Professor takes stage
March 2, 2017
No matter what the play she is in is called, not much failing goes on in Marianne Miller’s class. Miller is a theatre professor here at UK, and is also putting time into her professional work as an actress, recently appearing in “Failure: A Love Story,” presented by AthensWest theatre company for the first half of February.
The play, set in 1928, told the story of the three Fail sisters, who all died in reverse order – youngest to oldest. With this prefaced in the show, the audience began to learn about the lives of these individuals and their lives as a family.
“We’re seeing theatre, I think, tend toward the more ethereal, the more fantastical, the more imaginative, and this play was that,” Miller said.
Both inside and outside of the classroom, Miller has plenty of support from her students as well.
“Failure was really, really good,” Eileen Doan said, a senior in Miller’s audition techniques class. “It was just kind of wild to see, like, I’m going to see her in class on Monday.”
This is Doan’s first time with Miller as an instructor, and with a class as structured as audition techniques, she said that it was fun seeing Miller as lively and zany as she was in “Failure.”

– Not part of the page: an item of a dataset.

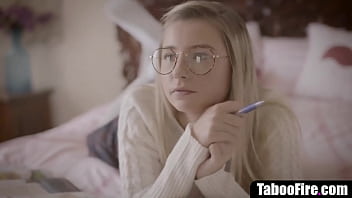 Preview 1 of Ftf Sex - Virgin teen threesome fucks stepbrother and her friend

Miller is not the only figure at UK to work on an AthensWest production. She is not even the only one this season, as last semester, senior Kenny Hamilton took on the leading role of Franco Wicks in the AthensWest production of “Superior Donuts,” now a network television series. Miller actually had made it part of her curriculum last semester to attend “Superior Donuts” and study the performance of the actors.
While Miller certainly didn’t require students like Doan to come study her, it brought a new level of intensity to her performance.
“There’s that side of you, as a teacher, that says ‘I better not screw this up,’ you know, I have these tenets I preach on, basically, and I don’t want to be saying one thing and demonstrating something else.” said Miller.
Doan was far less critical of Miller’s performance, truly just there to enjoy the show, making it very clear she does not have enough words to praise her professor.
“She’s a great teacher, really. She gives us a lot of freedom to choose our own material, and find out where we want to go with that.”